大会自体は素晴らしいものでした。会場のセッティングや現地の市長を招いたりTV局の撮影も配慮され、観客は超満員、ゴータム支部長やモヒディン支部長の、「大会を盛り上げるんだ!」、「空道を普及させるんだ!」という熱意がひしひしと伝わってきました。

試合後は塾長も黒木支部長も加藤久輝さんも自分もインタビューやらカメラ撮影やらひっぱりだこでした。まるでスター扱いでした。

先ほども触れましたが現地の方たちの武道に対する憧れや尊敬の熱い眼差しを感じました。
自分には初めての体験であり、嬉しくおもいました。しかし同時に一抹の寂しさも感じました。

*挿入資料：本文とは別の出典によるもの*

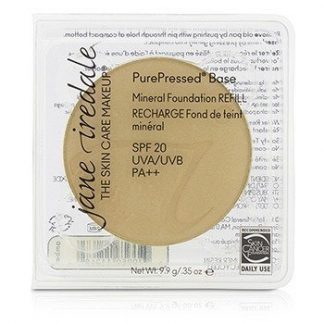 JANE IREDALE PUREPRESSED BASE MINERAL FOUNDATION REFILL SPF 20 - AMBER 9.9G/0.35OZ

塾長も著書などに書かれていたことですが、何か日本人としてのアイデンティティを武道を通じて強く考えさせられ、ほんとうに貴重な経験をさせて頂きました。極端なことを申しますと日本人すべての方とこの気持ちを共有したい、武道を知る人も知らない人もすべてのひとにこの気持ちを知ってほしい、そんな想いであります。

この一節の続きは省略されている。